Du musst dich nicht mehr entscheiden: nicht zwischen Klarheit und Beziehung, nicht zwischen Durchsetzen und Anpassen.

Du bleibst bei dir, auch wenn es im Außen unruhig wird, Druck entsteht oder andere anders reagieren, als du es erwartest.

Du hältst Spannung, statt sie sofort aufzulösen.
Genau dadurch wirst du klar, ohne den Kontakt zu verlieren.

Du triffst Entscheidungen nicht mehr aus Reaktion, sondern aus innerer Orientierung. Du musst nicht mehr gewinnen, nichts mehr beweisen und dich nicht mehr schützen, indem du dich zurücknimmst oder durchsetzt.

Dadurch entsteht etwas anderes: mehr Ruhe, mehr Präsenz und eine Form von Führung, der Menschen folgen können, ohne sich selbst zu verlieren.

Du führst nicht mehr reaktiv, sondern reif

Und es bleibt nicht bei einem einzelnen Moment. Wir arbeiten nicht nur an konkreten Situationen, sondern an dem, was dich immer wieder an die gleichen Grenzen bringt.

Dort, wo du anders reagierst, als du eigentlich willst. Wo du dich schützt, obwohl du eigentlich präsent bleiben möchtest.

Wir schauen, was dahinter wirkt, welche Muster greifen und warum sie sich gerade unter Druck immer wieder zeigen.

Ich arbeite nicht mit Druck und gebe keine schnellen Antworten. Im Kontakt wird sichtbar, was sonst verborgen bleibt – genau dort, wo du normalerweise ausweichst, kontrollierst oder anders reagierst, als du es eigentlich willst.
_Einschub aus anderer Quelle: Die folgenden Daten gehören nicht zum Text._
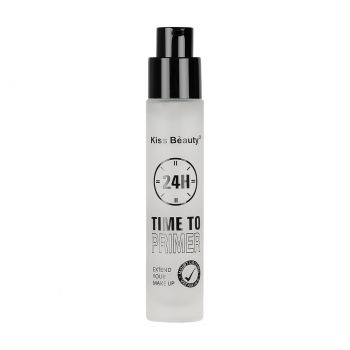 Baza pentru machiaj Kiss Beauty Time To Primer, 35ml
So entsteht Schritt für Schritt ein tieferes Verständnis dafür, was in dir geschieht und wie du unter Spannung führst.

Du entdeckst deine eigene innere Landkarte.

Das braucht Zeit. Und genau darin entsteht Veränderung.
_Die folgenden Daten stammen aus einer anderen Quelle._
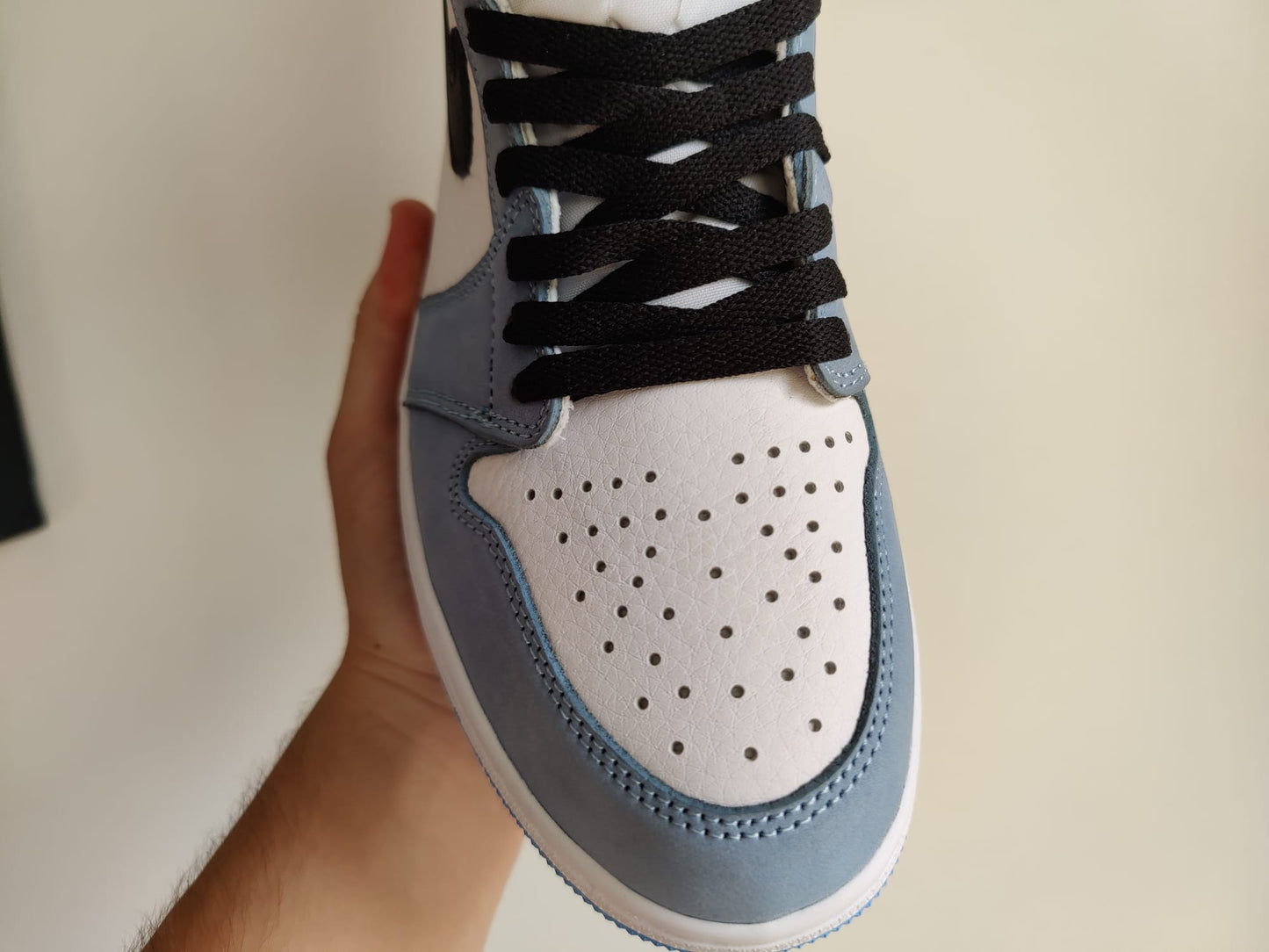 Nike Air Jordan 1 Retro High University Blue (Entrega Imediata)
Wenn du merkst, dass genau das dein Punkt ist, lass uns sprechen.

Du erreichst mich direkt unter +49 172 – 20 55 434
oder per Mail  hier.

In dir

Du erkennst, welche Muster in dir wirken, besonders unter Spannung.

So entsteht mehr Klarheit, auch dann, wenn es schwierig wird.
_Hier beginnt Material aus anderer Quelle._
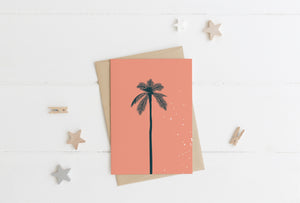 California Dreaming A5 Print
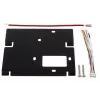 Hikvision DS-KH6320-WTE1-W vaizdo durų skambučio sistema 17,8 cm (7 inch) balta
Du bleibst bei dir und handlungsfähig.

Zwischen dir und anderen

Du siehst, was unter der Oberfläche wirkt –
in dir und zwischen Menschen.

Und findest einen Umgang mit Spannung, in dem du: klar bleiben kannst, ohne den Kontakt zu verlieren und in Verbindung bleiben kannst, ohne dich selbst zurückzunehmen. 

In deiner Führung

Du wirst klar in deiner Position und gleichzeitig nahbar für andere.

Du führst präsenter und präziser – und gibst Orientierung, ohne den Kontakt zu verlieren.